Histoire d'un tableau
Le portrait de

SUZY SOLIDOR
par Roger Toulouse - 1962


par Jean-Louis Gautreau

Le dimanche 14 février 1965, je me trouvais dans l'atelier de Roger Toulouse afin de choisir un tableau, mon premier tableau de cet artiste. Après avoir vu de nombreuses œuvres, et après une longue hésitation, j'optai pour une belle cathédrale très représentative de la période des triangles. Mais Roger me proposa de me laisser un temps de réflexion avant de prendre une décision définitive et de revenir autant que je le souhaitais.
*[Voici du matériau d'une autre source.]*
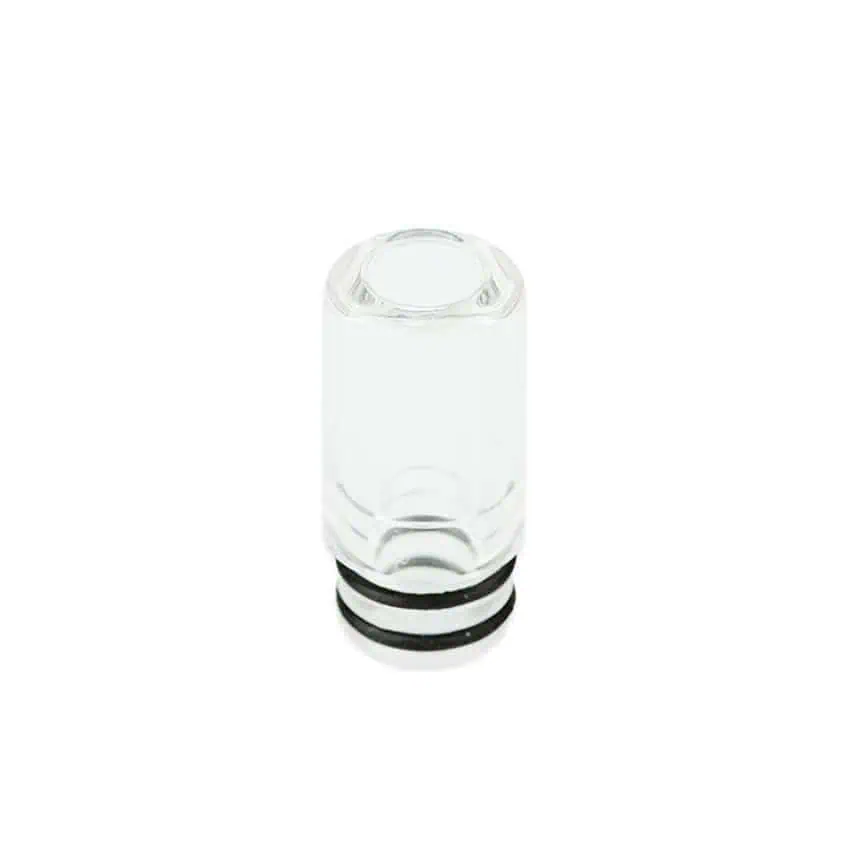 Joyetech Drip Tip 510
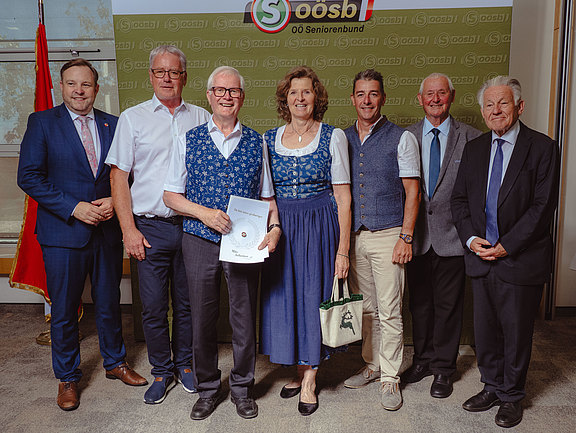 Ehrungsfeier_SB_250701_122.jpg  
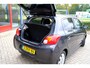 Mitsubishi Space Star 1.0 Bright 5-drs Clima|LMV|Elektr Ramen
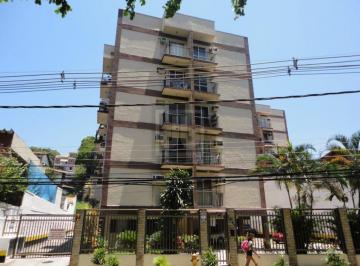 Apartamento · 62m² · 2 Quartos · 1 Vaga · Apartamento Freguesia - Residencial Geminiano Gois - 2 Quartos Planejados - Var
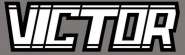 VICTORblack.jpg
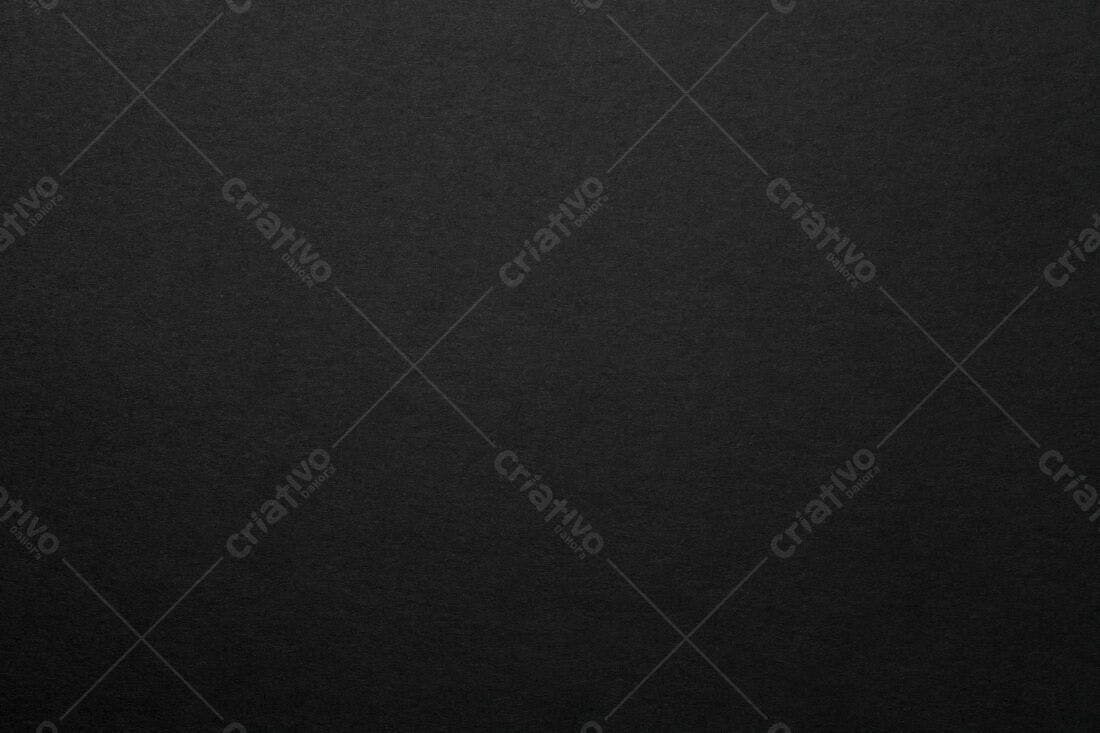 Textura Preto Escuro para Fundo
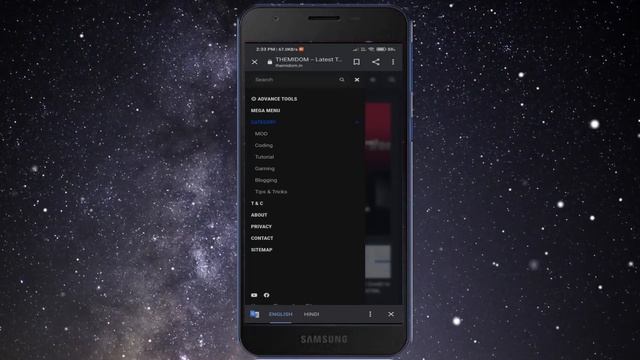 Python Full Course, Projects and Source Code For Free || Learn Python Within a Day | Python смотреть онлайн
C'est au cours de l'une de ces visites que je lui dis que je devais aller près de Nice à l'occasion des congés scolaires de Pâques. Il m'incita aussitôt à rendre visite à Suzy Solidor pour voir le portrait qu'il avait fait d'elle. Il semblait satisfait et même assez fier de ce portrait qui lui paraissait réussi. Il me le décrivit sommairement et me parla aussi de la personnalité originale de son modèle. J'avais 22 ans, j'ignorais tout de cette chanteuse dont la grande célébrité remontait aux années 3O. Se disant descendante d'un corsaire malouin, (la légende veut même qu'elle descende de Surcouf ), elle chantait "les sombres chansons de marins qu'on chante sur les trois mats".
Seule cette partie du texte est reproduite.